- [EXERCISE DETAILS]
Every line of the records that holds the word "from" should be copied out.

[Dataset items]
===============

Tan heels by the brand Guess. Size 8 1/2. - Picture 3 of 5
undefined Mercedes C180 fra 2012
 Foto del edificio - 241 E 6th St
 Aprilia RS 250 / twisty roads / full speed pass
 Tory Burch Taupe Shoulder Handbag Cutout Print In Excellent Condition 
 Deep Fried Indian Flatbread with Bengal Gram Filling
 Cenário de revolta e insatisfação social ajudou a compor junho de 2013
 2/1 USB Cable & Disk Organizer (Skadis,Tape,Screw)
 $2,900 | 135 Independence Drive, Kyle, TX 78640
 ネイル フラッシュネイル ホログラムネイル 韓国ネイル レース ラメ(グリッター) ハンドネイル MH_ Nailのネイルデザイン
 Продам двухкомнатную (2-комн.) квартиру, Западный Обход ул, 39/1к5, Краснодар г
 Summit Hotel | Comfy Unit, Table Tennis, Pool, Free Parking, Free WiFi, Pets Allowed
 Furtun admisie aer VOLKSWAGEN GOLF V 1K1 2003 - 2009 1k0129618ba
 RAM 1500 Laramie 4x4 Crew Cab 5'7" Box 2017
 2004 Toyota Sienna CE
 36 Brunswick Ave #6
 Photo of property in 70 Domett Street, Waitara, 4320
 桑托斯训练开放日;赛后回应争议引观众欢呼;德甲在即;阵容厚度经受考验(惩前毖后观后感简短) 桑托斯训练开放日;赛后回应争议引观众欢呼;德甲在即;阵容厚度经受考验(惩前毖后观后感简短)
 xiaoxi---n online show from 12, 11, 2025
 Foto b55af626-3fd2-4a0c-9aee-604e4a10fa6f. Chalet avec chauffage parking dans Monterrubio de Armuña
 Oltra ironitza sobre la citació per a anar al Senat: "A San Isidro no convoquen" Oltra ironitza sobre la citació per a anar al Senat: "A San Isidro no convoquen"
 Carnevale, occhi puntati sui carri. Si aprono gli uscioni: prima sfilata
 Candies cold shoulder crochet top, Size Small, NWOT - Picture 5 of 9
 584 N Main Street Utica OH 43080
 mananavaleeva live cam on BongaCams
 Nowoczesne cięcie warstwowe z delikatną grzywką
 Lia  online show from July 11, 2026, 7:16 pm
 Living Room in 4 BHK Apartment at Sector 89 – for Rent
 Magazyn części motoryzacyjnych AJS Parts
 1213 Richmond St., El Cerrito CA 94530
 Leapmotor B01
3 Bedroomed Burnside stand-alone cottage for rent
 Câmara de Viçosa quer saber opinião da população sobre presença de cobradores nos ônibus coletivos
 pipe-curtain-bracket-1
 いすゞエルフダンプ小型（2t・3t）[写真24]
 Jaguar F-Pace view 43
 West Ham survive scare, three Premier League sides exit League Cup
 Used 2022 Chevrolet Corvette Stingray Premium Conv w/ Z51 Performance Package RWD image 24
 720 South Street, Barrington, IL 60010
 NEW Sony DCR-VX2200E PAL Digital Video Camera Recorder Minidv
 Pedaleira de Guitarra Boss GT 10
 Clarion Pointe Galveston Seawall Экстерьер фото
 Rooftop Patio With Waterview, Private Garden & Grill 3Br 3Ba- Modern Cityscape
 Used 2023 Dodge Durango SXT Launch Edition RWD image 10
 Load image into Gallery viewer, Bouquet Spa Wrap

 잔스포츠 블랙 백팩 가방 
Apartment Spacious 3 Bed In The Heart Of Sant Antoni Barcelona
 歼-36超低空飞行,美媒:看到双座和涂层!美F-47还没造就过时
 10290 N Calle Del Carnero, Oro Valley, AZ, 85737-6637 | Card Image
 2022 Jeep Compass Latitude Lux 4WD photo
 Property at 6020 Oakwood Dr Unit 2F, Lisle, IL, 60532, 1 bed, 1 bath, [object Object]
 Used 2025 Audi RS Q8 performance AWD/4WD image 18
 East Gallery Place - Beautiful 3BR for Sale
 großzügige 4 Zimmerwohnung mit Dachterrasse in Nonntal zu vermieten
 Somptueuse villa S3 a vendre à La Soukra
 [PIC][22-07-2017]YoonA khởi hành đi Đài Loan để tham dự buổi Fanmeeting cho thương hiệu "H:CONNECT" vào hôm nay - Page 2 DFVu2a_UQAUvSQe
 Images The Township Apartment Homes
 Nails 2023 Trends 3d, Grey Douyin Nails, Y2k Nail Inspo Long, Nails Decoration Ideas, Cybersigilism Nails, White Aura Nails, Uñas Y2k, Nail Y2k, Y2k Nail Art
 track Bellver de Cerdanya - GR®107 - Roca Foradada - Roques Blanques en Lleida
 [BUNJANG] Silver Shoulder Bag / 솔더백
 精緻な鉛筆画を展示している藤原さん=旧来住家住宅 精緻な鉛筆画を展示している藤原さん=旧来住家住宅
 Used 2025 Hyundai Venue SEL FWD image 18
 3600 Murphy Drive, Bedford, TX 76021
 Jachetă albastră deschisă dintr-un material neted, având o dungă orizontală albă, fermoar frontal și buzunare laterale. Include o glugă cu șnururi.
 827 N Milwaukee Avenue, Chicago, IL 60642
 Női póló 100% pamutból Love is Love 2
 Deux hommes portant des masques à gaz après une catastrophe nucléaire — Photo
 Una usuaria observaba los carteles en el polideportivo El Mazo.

===============

- [RESPONSE TO THIS TASK]
 xiaoxi---n online show from 12, 11, 2025
 Lia  online show from July 11, 2026, 7:16 pm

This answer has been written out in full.